Data for processing →
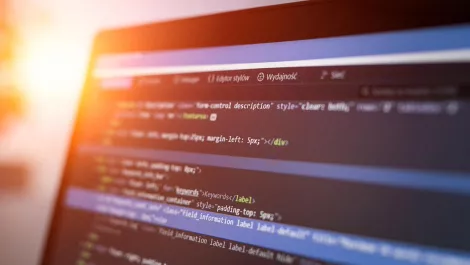 Enspiral Dev Academy offers scholarships to Māori & Pasifika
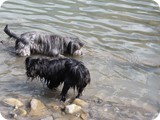Urlaub in Allgäu (36)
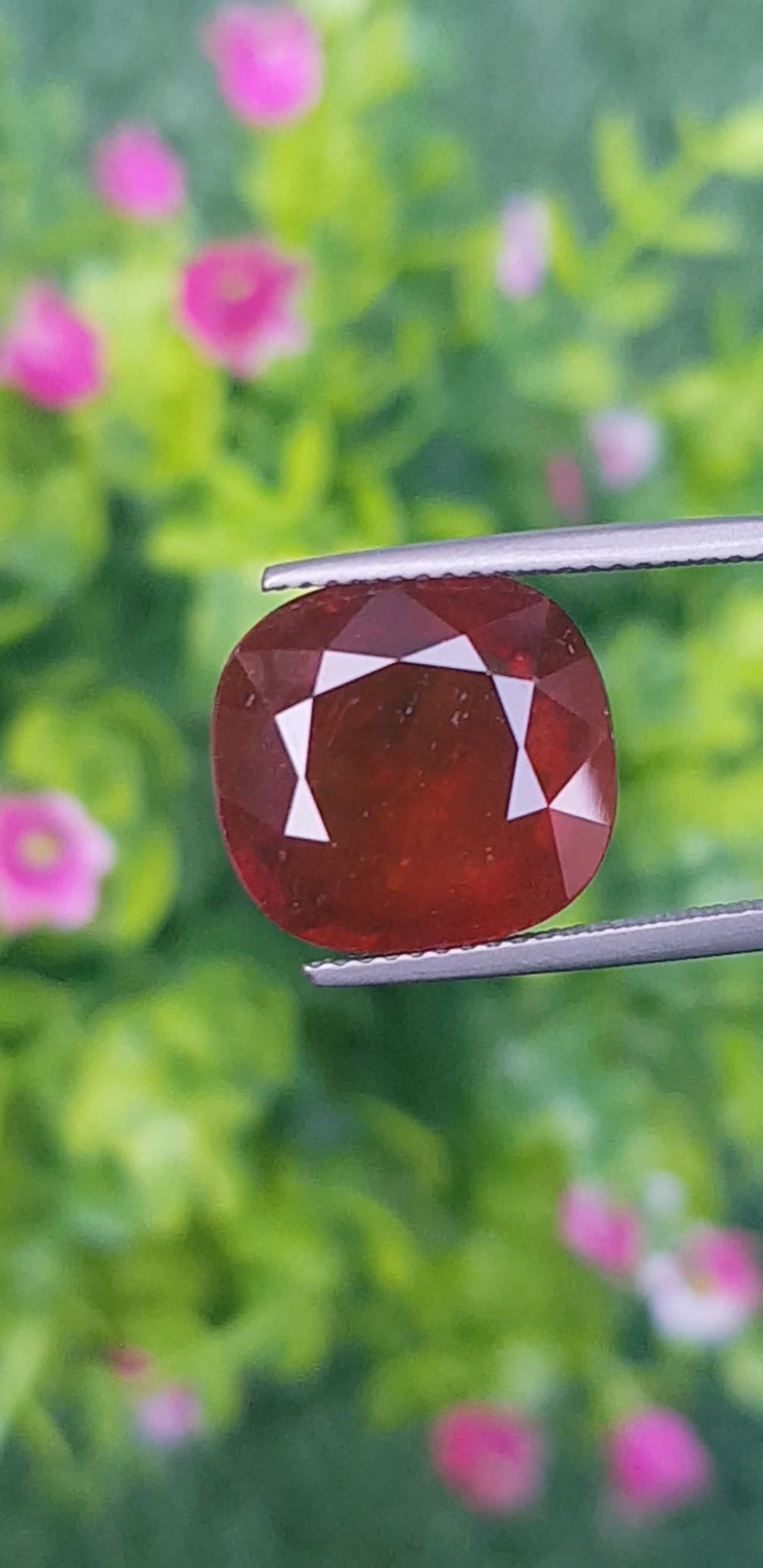 พลอย สเปซซาไทซ์ การ์เน็ต Natural Spessartite Garnet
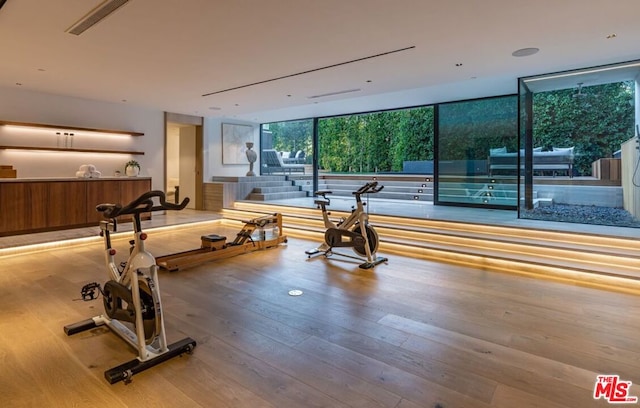 exercise area with a wall of windows and light hardwood / wood-style floors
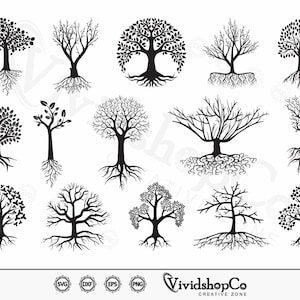 May include: A set of 12 black and white silhouette images of trees with roots. The trees are in various styles, including a tree with a circular crown, a tree with a bare trunk, and a tree with a full crown.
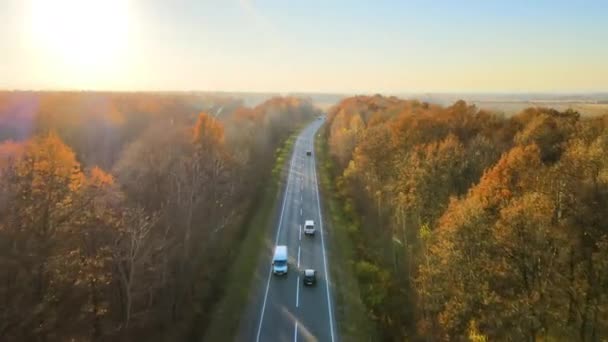 Luftaufnahme einer Überlandstraße mit schnell fahrenden Autos zwischen herbstlichen Waldbäumen bei Sonnenuntergang. Draufsicht von der Drohne auf den Autobahnverkehr am Abend — Stockvideo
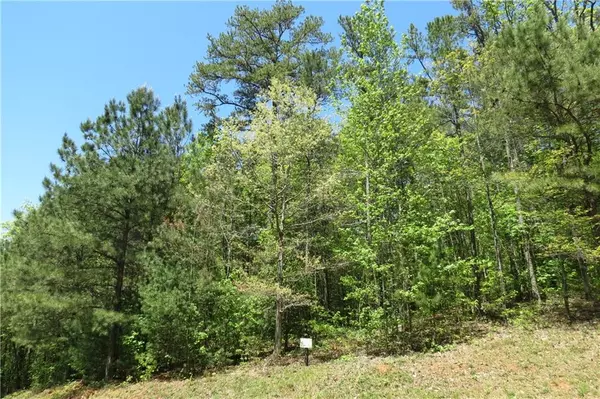 Ellijay, GA 30540,Lot 20 Bridge RD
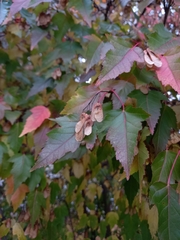 Acer tataricum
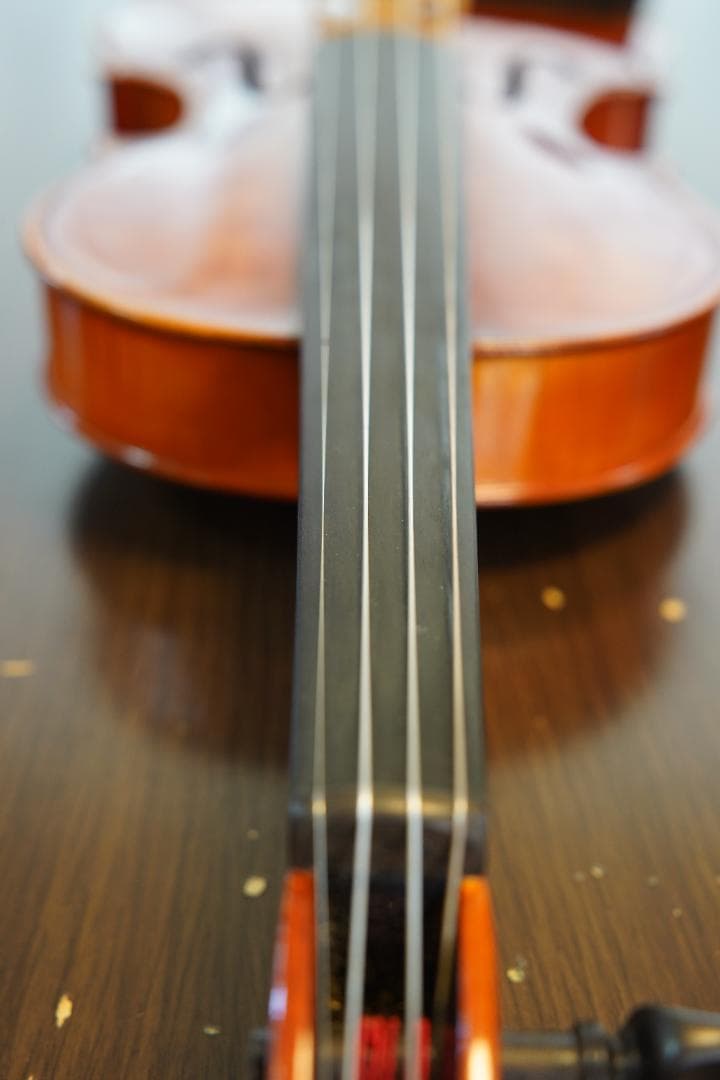 【美品】ローデリヒ・ペゾルト　バイオリン Paesold 804 4/4　☆5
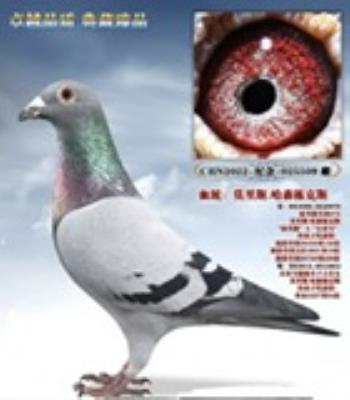 Ī��˹ ��ɭ����509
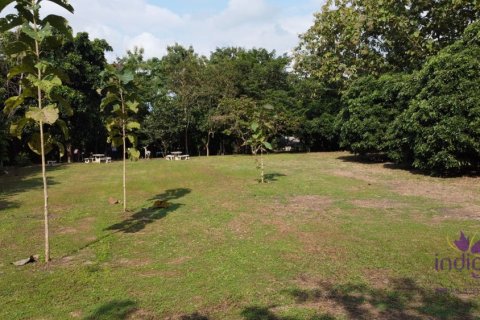 Земельный участок в Чиангмае, Таиланд  № 162530 - фото 12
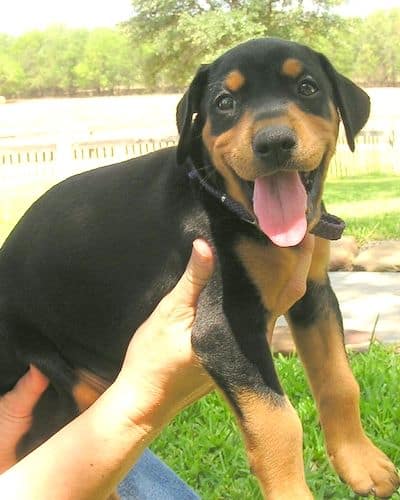 Doberman puppy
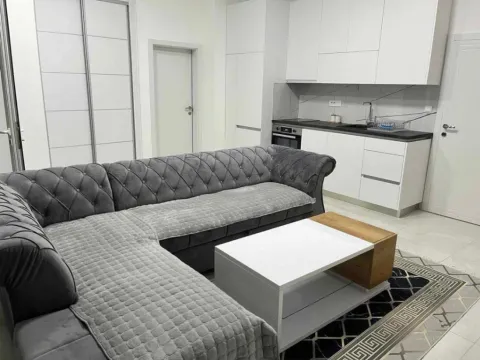 Rent, one bedroom apartment, 45m², Ilino, Bar - image 2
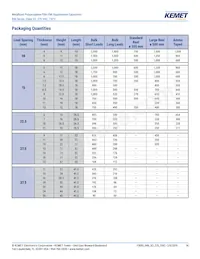 R46KI23300001M Datasheet Pagina 14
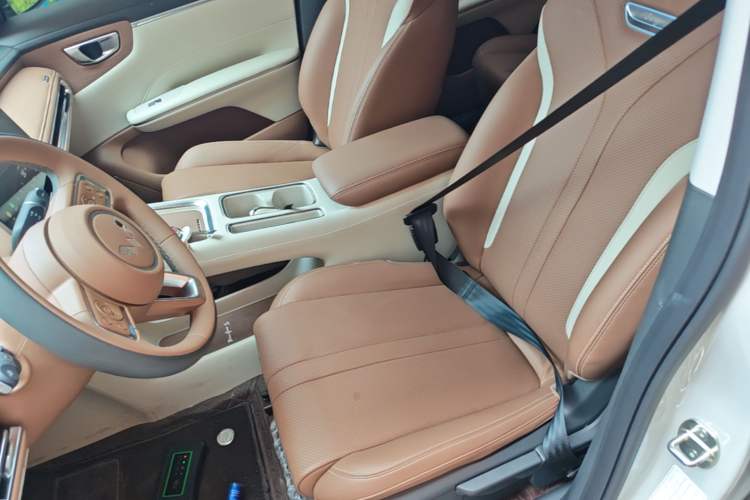 Used Wuling Bingo S 2025 Model 325km Deluxe Edition Left Front Seat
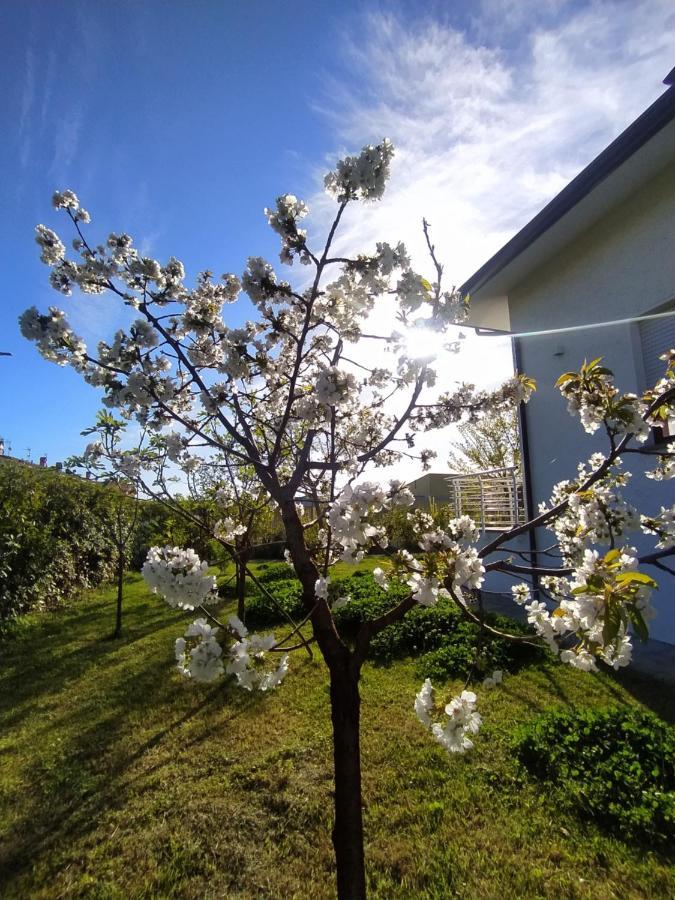 קמאיורה B&B Villa La Bouganville מראה חיצוני תמונה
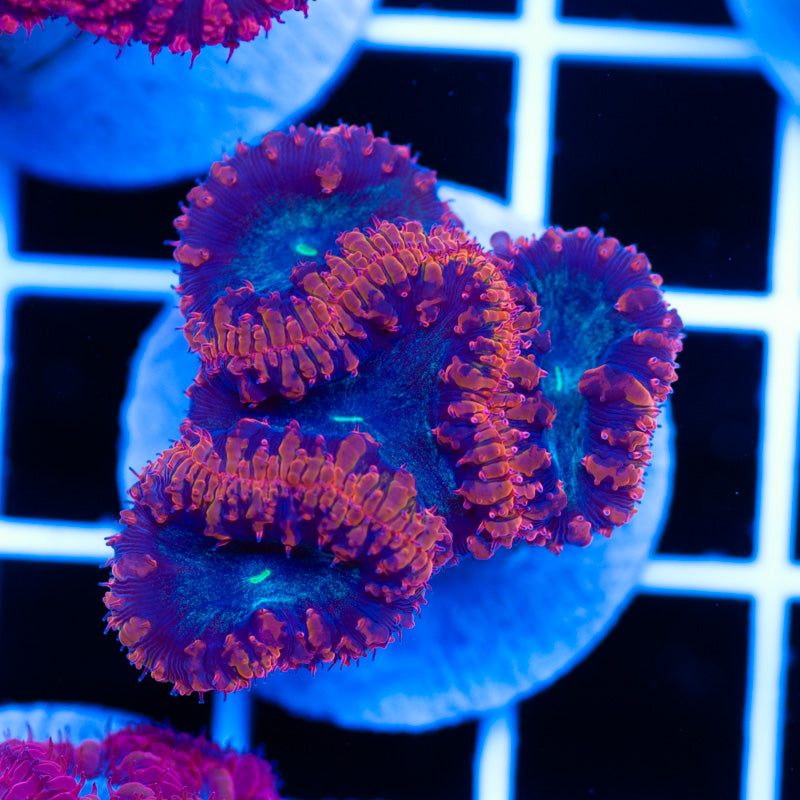 Aussie Black Hole Blastomussa
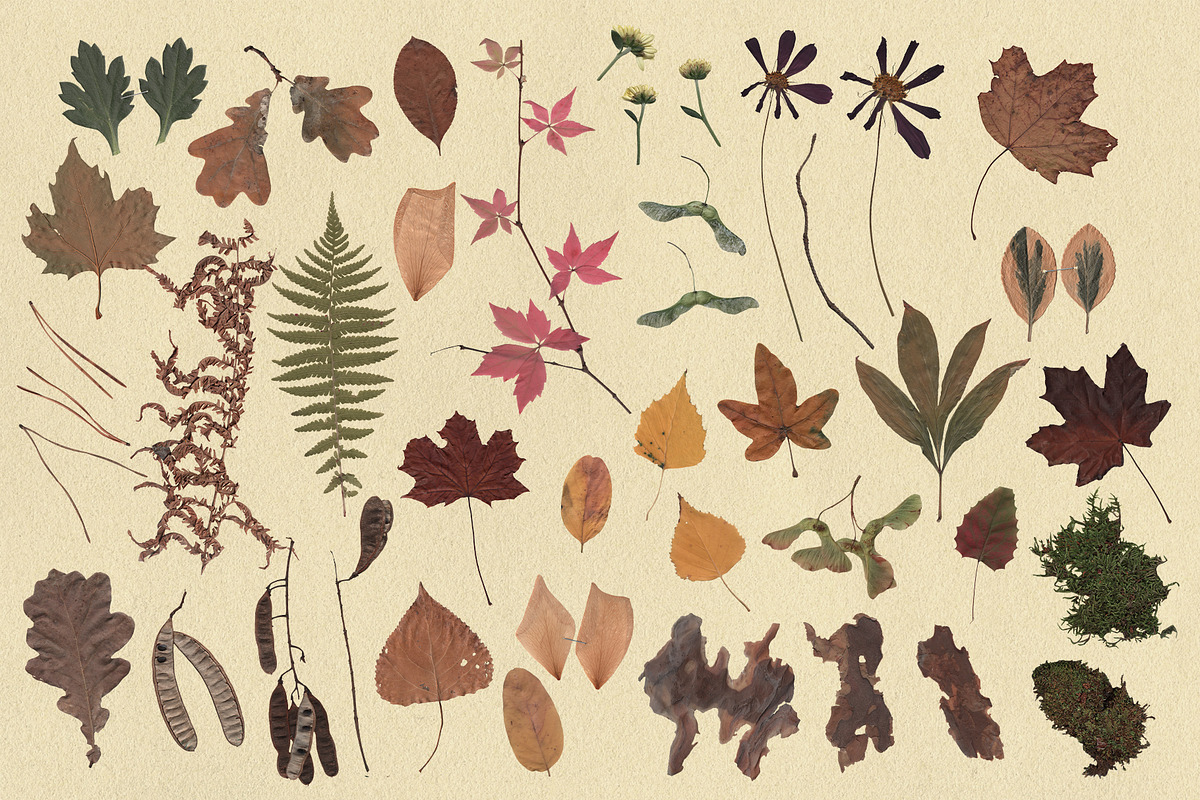 Gathered Outside — Autumn Kit, an Object Graphic by Lidberia (Photo 5 of 13)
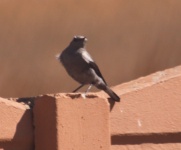 http://www.ymresourcer.com/Photos/Marievale29/Wheatear_Mountain_02_Small.jpg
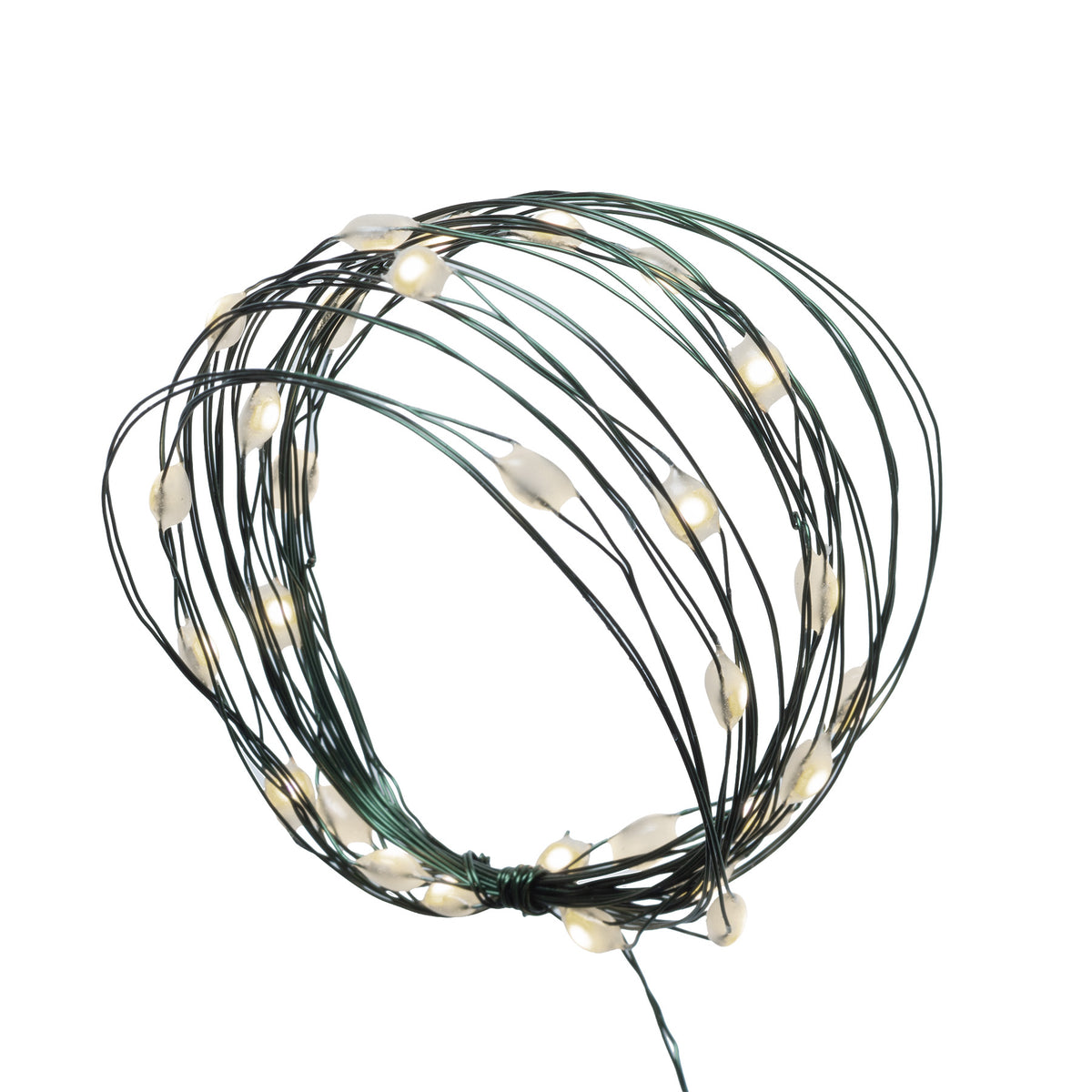 Big Seed 50L Battery Operated Lights (Retail Box)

Exercise goal → Please set down the lines above word for word and leave out the pictures.

Completed exercise →
 Enspiral Dev Academy offers scholarships to Māori & Pasifika
Urlaub in Allgäu (36)
 พลอย สเปซซาไทซ์ การ์เน็ต Natural Spessartite Garnet
 exercise area with a wall of windows and light hardwood / wood-style floors
 May include: A set of 12 black and white silhouette images of trees with roots. The trees are in various styles, including a tree with a circular crown, a tree with a bare trunk, and a tree with a full crown.
 Luftaufnahme einer Überlandstraße mit schnell fahrenden Autos zwischen herbstlichen Waldbäumen bei Sonnenuntergang. Draufsicht von der Drohne auf den Autobahnverkehr am Abend — Stockvideo
 Ellijay, GA 30540,Lot 20 Bridge RD
 Acer tataricum
 【美品】ローデリヒ・ペゾルト　バイオリン Paesold 804 4/4　☆5
 Ī��˹ ��ɭ����509
 Земельный участок в Чиангмае, Таиланд  № 162530 - фото 12
 Doberman puppy
 Rent, one bedroom apartment, 45m², Ilino, Bar - image 2
 R46KI23300001M Datasheet Pagina 14
 Used Wuling Bingo S 2025 Model 325km Deluxe Edition Left Front Seat
 קמאיורה B&B Villa La Bouganville מראה חיצוני תמונה
 Aussie Black Hole Blastomussa
 Gathered Outside — Autumn Kit, an Object Graphic by Lidberia (Photo 5 of 13)
 http://www.ymresourcer.com/Photos/Marievale29/Wheatear_Mountain_02_Small.jpg
 Big Seed 50L Battery Operated Lights (Retail Box)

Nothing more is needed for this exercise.